Please restate verbatim the lines that open the listing below, ending with the line in which "I have the Telnet" occurs.

# [SOURCE MATERIAL]
________________________________________

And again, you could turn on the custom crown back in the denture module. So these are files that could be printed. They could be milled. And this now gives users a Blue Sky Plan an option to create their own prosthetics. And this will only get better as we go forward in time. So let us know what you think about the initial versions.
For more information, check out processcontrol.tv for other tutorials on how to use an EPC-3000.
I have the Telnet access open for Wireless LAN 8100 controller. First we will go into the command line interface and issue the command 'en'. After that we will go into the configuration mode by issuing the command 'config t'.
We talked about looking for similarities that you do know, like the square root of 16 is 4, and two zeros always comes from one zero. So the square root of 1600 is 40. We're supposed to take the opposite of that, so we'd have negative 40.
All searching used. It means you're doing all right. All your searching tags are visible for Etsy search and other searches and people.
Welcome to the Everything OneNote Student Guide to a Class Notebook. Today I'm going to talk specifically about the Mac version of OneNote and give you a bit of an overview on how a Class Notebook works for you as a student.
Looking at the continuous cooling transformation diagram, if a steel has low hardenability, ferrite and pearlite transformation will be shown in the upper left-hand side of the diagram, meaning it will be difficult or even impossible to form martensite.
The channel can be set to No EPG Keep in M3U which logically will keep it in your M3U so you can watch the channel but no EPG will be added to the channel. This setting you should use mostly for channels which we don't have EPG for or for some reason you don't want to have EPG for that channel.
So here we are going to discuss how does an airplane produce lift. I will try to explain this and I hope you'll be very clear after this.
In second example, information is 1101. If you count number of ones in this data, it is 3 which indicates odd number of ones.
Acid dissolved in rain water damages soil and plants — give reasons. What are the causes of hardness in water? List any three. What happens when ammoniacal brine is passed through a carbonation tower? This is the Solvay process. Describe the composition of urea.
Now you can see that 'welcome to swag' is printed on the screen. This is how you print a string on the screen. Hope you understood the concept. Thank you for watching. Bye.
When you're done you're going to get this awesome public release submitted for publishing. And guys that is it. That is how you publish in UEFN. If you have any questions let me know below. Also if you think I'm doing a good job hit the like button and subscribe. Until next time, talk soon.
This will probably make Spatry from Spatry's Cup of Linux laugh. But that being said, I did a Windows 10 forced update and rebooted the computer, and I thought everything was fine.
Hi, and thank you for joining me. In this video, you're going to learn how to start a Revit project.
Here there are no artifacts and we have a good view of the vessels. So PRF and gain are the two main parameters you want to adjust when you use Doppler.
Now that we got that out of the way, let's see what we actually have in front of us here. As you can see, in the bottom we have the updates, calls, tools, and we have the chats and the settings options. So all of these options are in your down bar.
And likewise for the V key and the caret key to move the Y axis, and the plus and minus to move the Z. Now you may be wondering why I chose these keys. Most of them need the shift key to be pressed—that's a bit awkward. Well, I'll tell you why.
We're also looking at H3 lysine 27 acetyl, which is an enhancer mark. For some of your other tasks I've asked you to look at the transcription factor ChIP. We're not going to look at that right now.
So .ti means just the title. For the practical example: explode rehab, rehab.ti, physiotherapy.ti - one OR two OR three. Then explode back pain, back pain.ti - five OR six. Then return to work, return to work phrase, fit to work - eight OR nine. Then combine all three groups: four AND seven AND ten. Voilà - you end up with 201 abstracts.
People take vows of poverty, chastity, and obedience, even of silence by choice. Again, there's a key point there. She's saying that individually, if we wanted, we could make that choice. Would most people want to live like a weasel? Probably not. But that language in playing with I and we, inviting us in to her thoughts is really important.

________________________________________

# [YOUR SOLUTION]
And again, you could turn on the custom crown back in the denture module. So these are files that could be printed. They could be milled. And this now gives users a Blue Sky Plan an option to create their own prosthetics. And this will only get better as we go forward in time. So let us know what you think about the initial versions.
For more information, check out processcontrol.tv for other tutorials on how to use an EPC-3000.
I have the Telnet access open for Wireless LAN 8100 controller. First we will go into the command line interface and issue the command 'en'. After that we will go into the configuration mode by issuing the command 'config t'.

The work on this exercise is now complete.